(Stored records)
# # # #

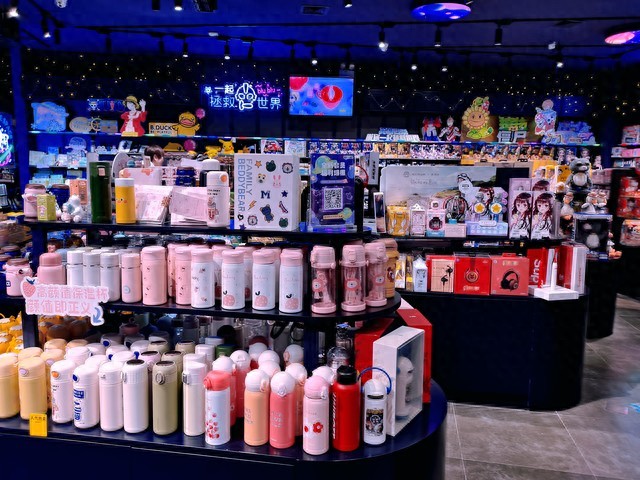 kiayun手机版登录打开即玩v1011.玩看我最新关网.中国 都是互联网的错？改变认知，拥抱科技才会拥有未来！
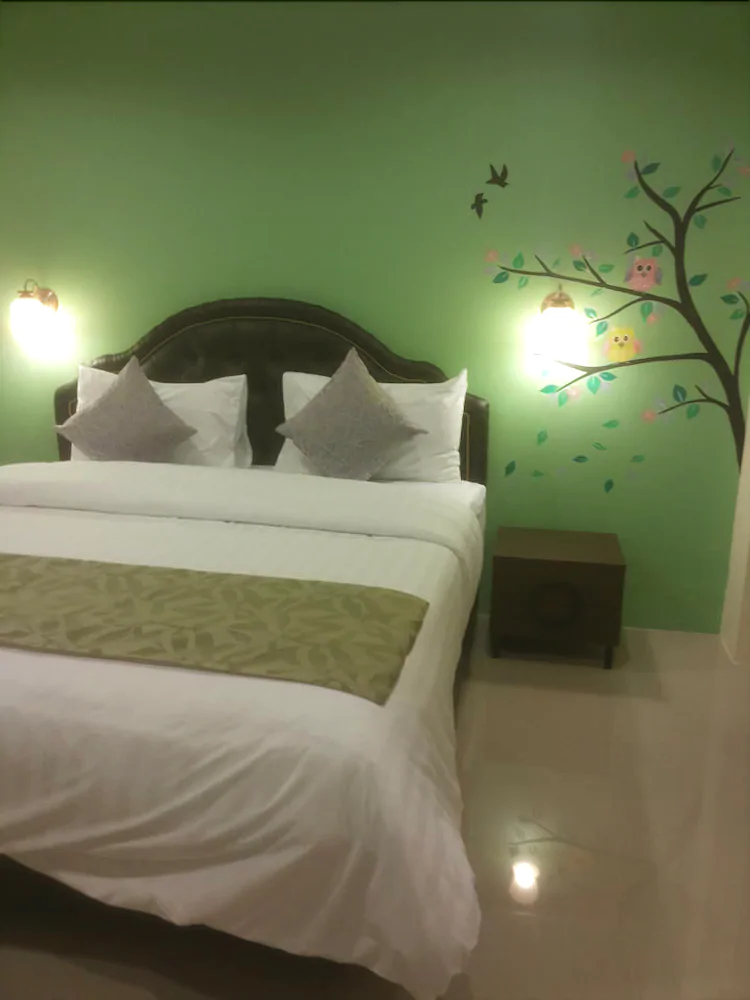 Petch Ranong At Town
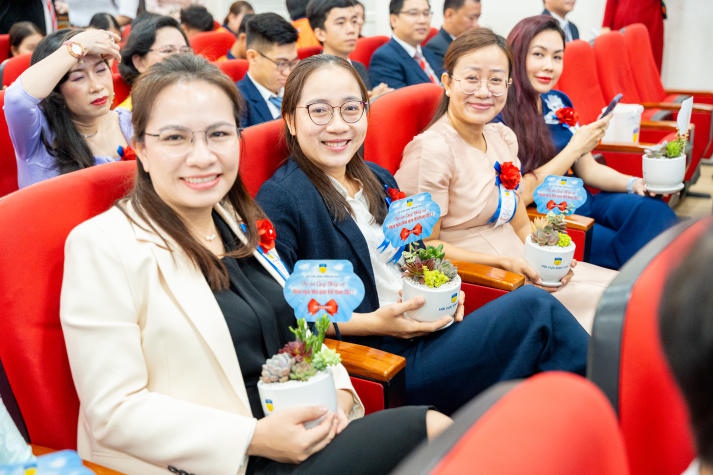 Trang Chủ Sòng Bạc 13win.com Uy Tín 13WIN13 về trường cũ tri ân thầy cô 80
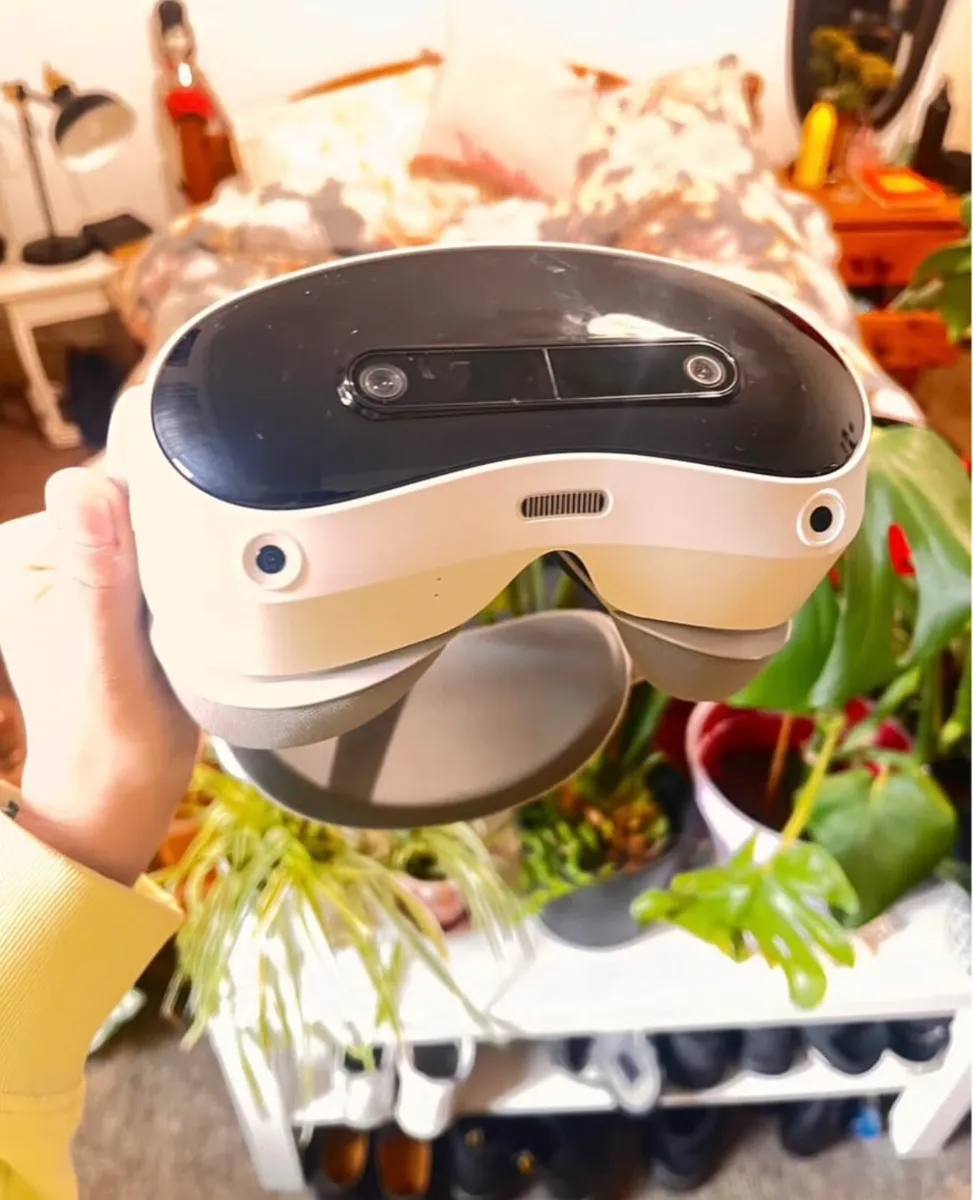 VR Pico 4 Ultra 256 GB - Image 2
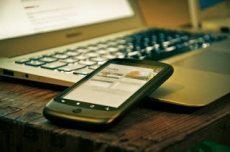 Personas con ansiedad tienden a obsesionarse más con el internet, según estudios.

# # # #

Write the entries above out again exactly, but not the pictures.

▶ Result of the exercise:
 kiayun手机版登录打开即玩v1011.玩看我最新关网.中国 都是互联网的错？改变认知，拥抱科技才会拥有未来！
 Petch Ranong At Town
 Trang Chủ Sòng Bạc 13win.com Uy Tín 13WIN13 về trường cũ tri ân thầy cô 80
 VR Pico 4 Ultra 256 GB - Image 2
 Personas con ansiedad tienden a obsesionarse más con el internet, según estudios.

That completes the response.